* **ASSIGNED TASK**
Every line of the records below that holds the word "Ontario" belongs in the answer.

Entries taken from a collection
____

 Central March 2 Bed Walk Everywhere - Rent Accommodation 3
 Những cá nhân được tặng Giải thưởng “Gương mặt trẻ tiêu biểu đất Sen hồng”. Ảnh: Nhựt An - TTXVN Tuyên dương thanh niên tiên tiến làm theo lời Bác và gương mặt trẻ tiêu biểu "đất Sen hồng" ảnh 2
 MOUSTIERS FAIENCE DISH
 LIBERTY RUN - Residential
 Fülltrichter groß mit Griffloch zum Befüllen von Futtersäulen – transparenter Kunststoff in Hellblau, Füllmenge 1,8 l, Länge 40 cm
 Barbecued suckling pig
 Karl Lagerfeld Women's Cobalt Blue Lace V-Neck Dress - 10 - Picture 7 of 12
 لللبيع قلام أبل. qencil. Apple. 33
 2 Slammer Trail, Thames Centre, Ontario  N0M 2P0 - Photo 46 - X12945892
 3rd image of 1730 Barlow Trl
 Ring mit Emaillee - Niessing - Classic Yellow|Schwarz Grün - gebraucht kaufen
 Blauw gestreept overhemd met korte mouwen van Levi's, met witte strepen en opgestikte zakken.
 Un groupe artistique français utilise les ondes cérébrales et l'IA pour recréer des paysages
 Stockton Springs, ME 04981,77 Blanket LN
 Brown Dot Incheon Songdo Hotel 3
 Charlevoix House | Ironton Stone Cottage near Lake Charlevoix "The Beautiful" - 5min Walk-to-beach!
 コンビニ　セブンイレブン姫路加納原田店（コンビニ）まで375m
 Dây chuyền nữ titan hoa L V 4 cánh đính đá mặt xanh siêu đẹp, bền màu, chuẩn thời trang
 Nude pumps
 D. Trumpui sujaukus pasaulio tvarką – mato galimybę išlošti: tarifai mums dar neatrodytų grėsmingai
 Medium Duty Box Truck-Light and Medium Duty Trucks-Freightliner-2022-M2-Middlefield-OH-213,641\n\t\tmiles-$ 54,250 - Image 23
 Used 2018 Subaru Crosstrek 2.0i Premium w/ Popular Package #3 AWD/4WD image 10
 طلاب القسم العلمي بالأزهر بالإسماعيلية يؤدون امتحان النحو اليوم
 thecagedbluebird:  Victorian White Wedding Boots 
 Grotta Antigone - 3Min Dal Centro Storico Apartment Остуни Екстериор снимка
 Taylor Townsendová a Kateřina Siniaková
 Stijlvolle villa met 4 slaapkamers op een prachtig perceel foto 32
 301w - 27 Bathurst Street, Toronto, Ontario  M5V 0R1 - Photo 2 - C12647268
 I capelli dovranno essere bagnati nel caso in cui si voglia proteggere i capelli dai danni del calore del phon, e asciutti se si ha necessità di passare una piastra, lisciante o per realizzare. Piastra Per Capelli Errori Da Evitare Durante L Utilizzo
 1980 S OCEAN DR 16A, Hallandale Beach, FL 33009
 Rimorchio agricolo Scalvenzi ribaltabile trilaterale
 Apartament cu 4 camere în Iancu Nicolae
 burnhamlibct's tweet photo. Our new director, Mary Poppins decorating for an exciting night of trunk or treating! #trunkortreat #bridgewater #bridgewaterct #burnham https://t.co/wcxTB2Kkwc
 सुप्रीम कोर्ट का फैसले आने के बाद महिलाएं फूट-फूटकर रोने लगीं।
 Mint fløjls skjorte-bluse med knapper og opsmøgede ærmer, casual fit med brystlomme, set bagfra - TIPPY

____

* **WRITTEN RESPONSE**
 2 Slammer Trail, Thames Centre, Ontario  N0M 2P0 - Photo 46 - X12945892
 301w - 27 Bathurst Street, Toronto, Ontario  M5V 0R1 - Photo 2 - C12647268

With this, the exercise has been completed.